1. Retro Activity of the ordinance

2. Does not distinguish between a genuine promoter and a wilful defaulter.

My apprehensions are as follows:

1. This ordinance is given a retrospective effect, which means all the cases which are already before the NCLT would be affected by this.

2. Any regulation/act should be prospective and we have already seen what sort of problems arises when retrospective amendments were brought with regard to Income Tax issues.

3. This type of restriction was not the intent of the IBC code when it was brought in as the BLRC Report, the premise on which IBC code is structured, talks about giving genuine promoters, a second chance, especially for the MSME sector.
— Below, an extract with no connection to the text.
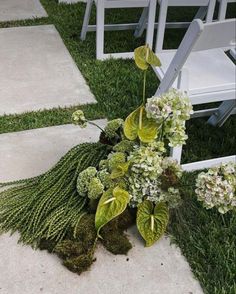 chairs are set up on the grass for an outdoor ceremony with flowers and greenery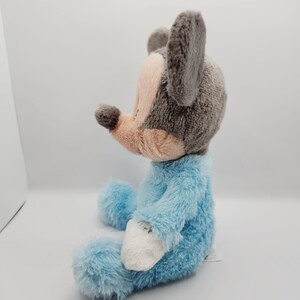 Peut inclure: Une peluche repr&eacute;sentant un personnage de souris, avec une t&ecirc;te et des oreilles grises, un museau rose et un corps bleu clair. Le jouet est assis, avec des d&eacute;tails blancs sur les mains et les pieds. Le jouet est con&ccedil;u pour ressembler &agrave; un personnage de dessin anim&eacute;.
4. Supposing there is only one bidder who happens to be the promoter group , and it would be highly unfair to force a unit/company into liquidation even if the promoter has the ability and hope to revive the company

5. The ordinance does not seem to differentiate between malfeasance and business failure and a blanket ban on the existing promoters would put the honest promoters into great jeopardy.

6. Now that the ordinance has been challenged, then the strict time lines as per the code would be impossible.

7. Does it make a any business sense for the financial creditors to forego the bid from the highest person even if he happens to be from the promoters group, leaving apart the sentimental aspects?

8. Another fundamental question is that , is not the right to equality before law violated if you debar anybody from participating in the bidding process, just because he is from the promoters group or associate of the promoters group ?

We are missing the fundamental issues in the bargain and we must have the ability to differentiate between the wheat and chaff and the genuine promotes should be given all encouragements and not paint all the promoters with the same brush.

(Author V.Ramkumar is a Company Secretary In Practice from Coimbatore and can be reached at acsramkumar@gmail.com)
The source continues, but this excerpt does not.